At this a monk walked forward and said: An excellent ox has borne a calf, so Master, why don’t you speak?
The Master said: Bring me a light.
The monk returned to the group of disciples.
Commentary by Nishijima
Master Dogen called the order of Master Yakusan Igen a “Dai Sorin” (great Buddhist temple), although the member of the order numbered no more than ten, and apparently there was sometimes not even enough money to buy oil for the lamps.
Master Yakusan Igen was a buddha. He lived in reality, and he wished to communicate the simple nature of reality of his disciples. He said that he would not tell them what he had to say until “an excellent ox is about to bear a calf.” The ox was frequently used as a symbol of Buddhist practitioners. The birth of a calf symbolises a person who has grasped the truth. So the Master was saying that he would wait until the one of the monks could grasp the truth before he spoke.
The monk stepped forward said that the calf had already been born, or in other words that the monk had already grasped the truth, and he asked the Master to say what he wanted to say.
The Master’s reply, “Fetch me a light,” is a natural enough thing to say in a dark room, except for the fact that there were no light to be had in a whole temple. In asking them impossible, the Master was pointing out the fact; there was no light.
The truth of the situation was simple and obvious; it didn’t really need expressing. The truth is not something mystical or abstract; it is the real situation, just in this place, just at the moment.

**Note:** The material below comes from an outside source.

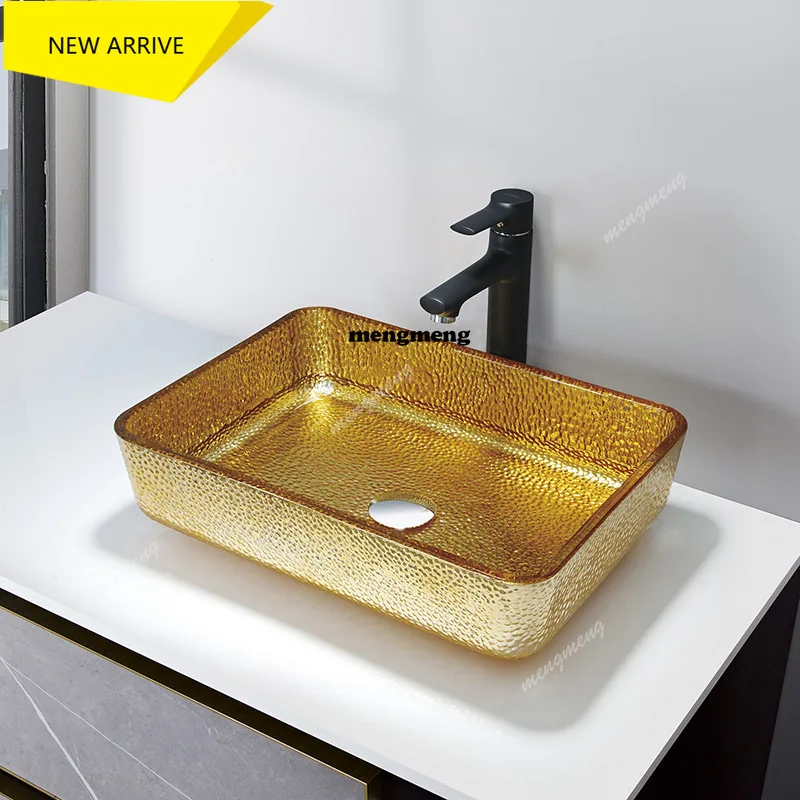 

M138 Transparent crystal glass counter basin glass wash basin bathroom cabinet basin bathroom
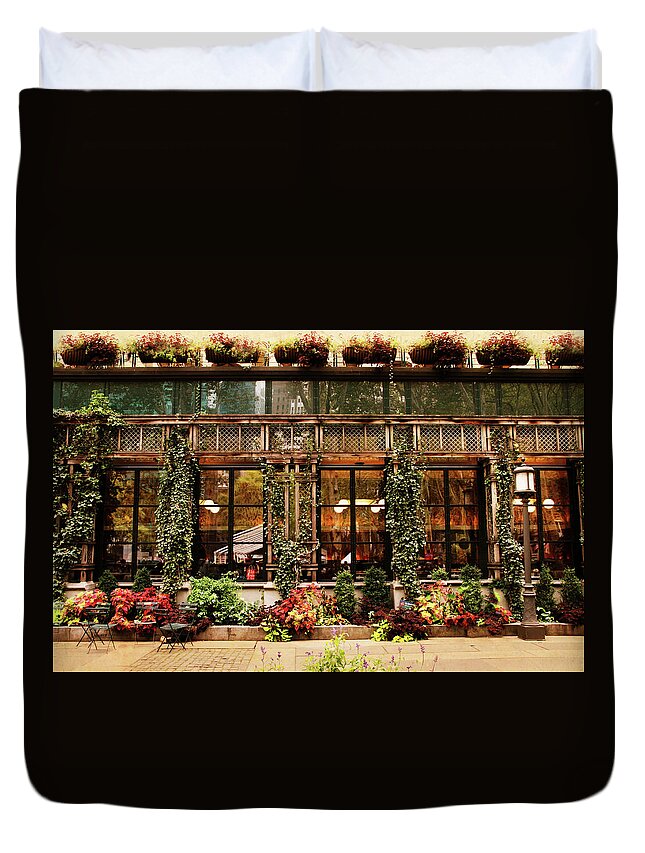 Bryant Park Duvet Cover featuring the photograph Bryant Park Grill by Jessica Jenney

In the darkness of the old temple the monk took his place among his fellow disciples. He had grasped the truth in his Master’s wordless teaching.
Commentary by John Fraser
In the literal sense, Yakusan is puncturing the religiosity of the exchange by pointing out a concrete fact : the absence of light.
But also, he is recalling Buddha’s admonition to his disciples “be your own light”; he has to be his own light, and his own darkness, because there is no light which the monk can bring to him.
And additionally, there are similarities with the exchange between Ungan and Dogo [Book 2, Case 5] : the darkness suggests non discrimination, and so the suggestion is that ‘light’ [duality, discrimination] occurs within the wider embracing ‘darkness’ of non discrimination.
And with regard to the excellent ox ; does the teacher give birth to the student, or does the student give birth to the teacher, or both, or neither, or something else?